Described hydrophilic nano CaCO ₃, urea, glucose and deionized water mass ratio be 8:8:8:100;

Step B: it is 100～400 orders that the nitrogenous macropore material with carbon element making in steps A is crushed to particle diameter, the nitrogenous macropore material with carbon element of getting after pulverizing is placed in hydrothermal reaction kettle, in hydrothermal reaction kettle, add imidazole and its derivants again, add the aqueous solution containing transition metal salt, then ultrasonic vibration mixed after 20 minutes, sealed reactor, and be placed in oil bath, oil bath temperature is raised to 100～300 ℃ of reactions 12 hours, filter, again with after washed with de-ionized water, vacuum drying at 90 ℃, obtain the carbon-supported transition-metal catalyst of nitrogenous macropore that imidazole and its derivants is modified,

The ratio of nitrogenous macropore material with carbon element, imidazole and its derivants, transition metal salt and water after described pulverizing is 2g:0.02～0.4g:1.2～6mmol:100mL; Described transition metal salt comprises nitrate, sulfate or the chloride of transition metal, and described transition metal is at least one in Pt, Pd, Ag, Mn, Fe, Co, Ni, Cu.
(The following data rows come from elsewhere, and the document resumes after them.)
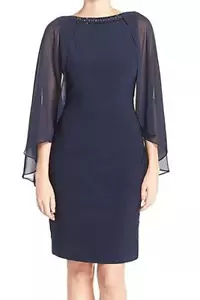 ADRIANNA PAPELL Sheath Dress With Cape NWT rrp $399.95 Size 10 & 12 US 6 & 8 - Picture 1 of 12
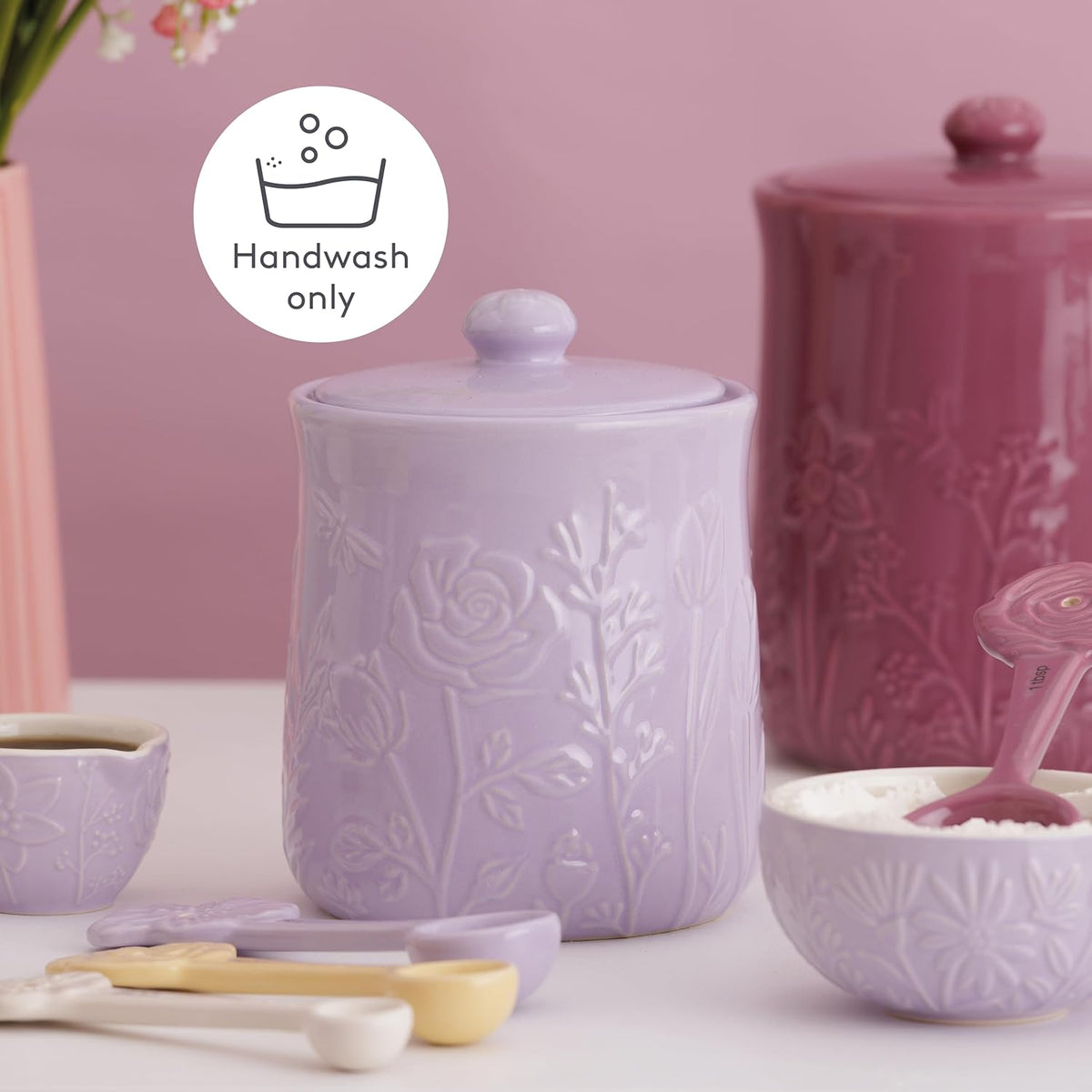 Mason Cash In the Meadow Small Storage Jar 800ml, handwashing reminder, emphasizing its durability as a kitchen storage jar.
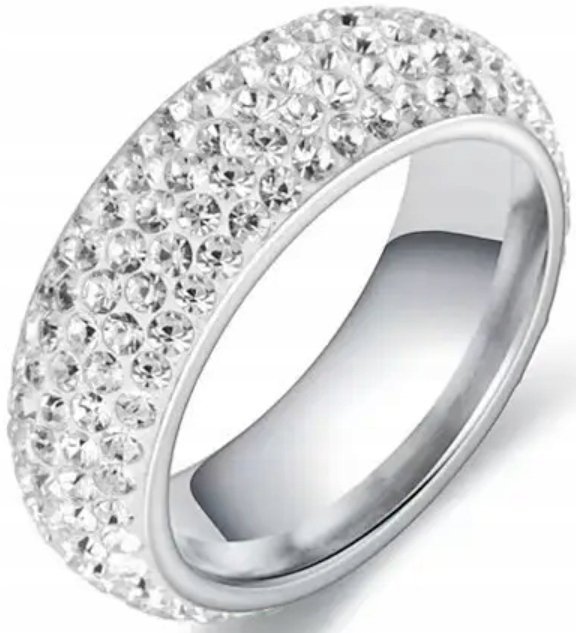 Elegancka Srebrna Obrączka Błyszczący Kryształowym Blaskiem Modny Stylowy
2. the preparation method of the catalyst containing imidazole and its derivants according to claim 1, is characterized in that the hydrophilic nano CaCO in described steps A ₃particle diameter be 15～40nm.

3. the preparation method of the catalyst containing imidazole and its derivants according to claim 1, is characterized in that, the hydrothermal reaction kettle in described step B adopts the hydrothermal reaction kettle that volume is 150mL.

4. the preparation method of the catalyst containing imidazole and its derivants according to claim 1, is characterized in that, the imdazole derivatives that to be imidazoles obtain through alkylation or carboxylated of the imdazole derivatives in described step B.